Jones also asserts another strand of involuntariness by claiming that he was not informed of the elements of the crime with which he was charged. While an incomplete understanding of a charge cannot constitute an intelligent admission of guilt, Henderson v. Morgan, 1976, 426 U.S. 637, 96 S.Ct. 2253, 49 L.Ed. 108, Jones testified at the magistrate evidentiary hearing that he and his attorney discussed and considered the facts and potential witnesses in his case. Although Jones asserted that he was ignorant of the technical legal aspects, he also indicated that his attorney did explain, at least in part, the manslaughter charge. Moreover, Jones testified that he attended three or four preliminary hearings on the charge. At sentencing the prosecutor read the charges to Jones and the state court Judge made sure that Jones understood them. The Judge also made sure that Jones understood the potential sentence and significance of a guilty plea and that Jones was not coerced into entering the plea. In this posture, we cannot find the conclusions of the District Court clearly erroneous. See Fisher v. Wainwright, 5 Cir., 1978, 584 F.2d 691.

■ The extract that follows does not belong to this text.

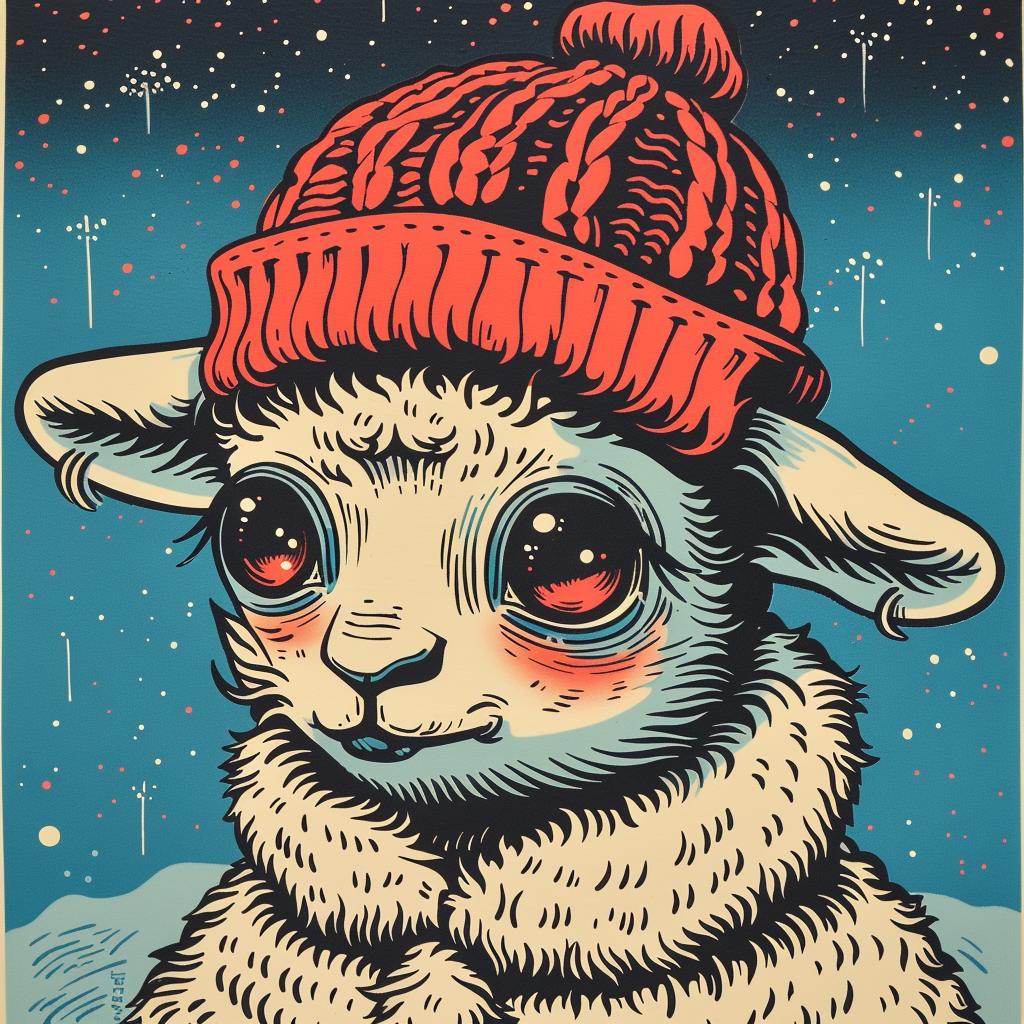 sheep  knit  cap  poster  illustration  red  hat  spiritual  dark  arts 924442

Jones also claims that his attorney appointed at the probation revocation hearing, (now Judge) Perry Little, was ineffective since Little did not investigate the charges or discuss them adequately with Jones. Our standard requires not perfect but reasonably effective assistance, Herring v. Estelle, 5 Cir., 1974, 491 F.2d 125, which may be provided even if counsel spends only a short time with his client. See, e. g., Howard v. Beto, 5 Cir., 1972, 466 F.2d 1356, 1357, but compare, Jones v. Henderson, 5 Cir., 1977,549 F.2d 995, 998 (Brown, Chief Judge, dissenting). It should also be remembered that there is no right to counsel at a probation revocation hearing, although due process may require that an attorney be appointed in a particular case. Gagon v. Scarpelli, 1973, 411 U.S. 778, 787-91, 93 S.Ct. 1756, 36 L.Ed.2d 656.
It is undisputed that Little was totally unfamiliar with the case when he arrived at the revocation hearing. Little's only conversation with Jones occurred immediately prior to the hearing when Little asked Jones if Jones understood the charges and how Jones wanted to plead. However, Jones admitted to the magistrate that he had already made up his mind to plead guilty before counsel was appointed. Further, Jones admitted that he pleaded guilty because he was, in fact, guilty. Jones also stated that no one forced or threatened him to plead guilty. Indeed, while Jones contended that no attorney could effectively prepare a case in the limited time available, he praised Little as "probably one of the best attorneys that ever hit Tampa." Although we do not in any way endorse the summary interview and counseling procedure employed in this case, we cannot say that the District Court's finding of effective assistance was clearly erroneous.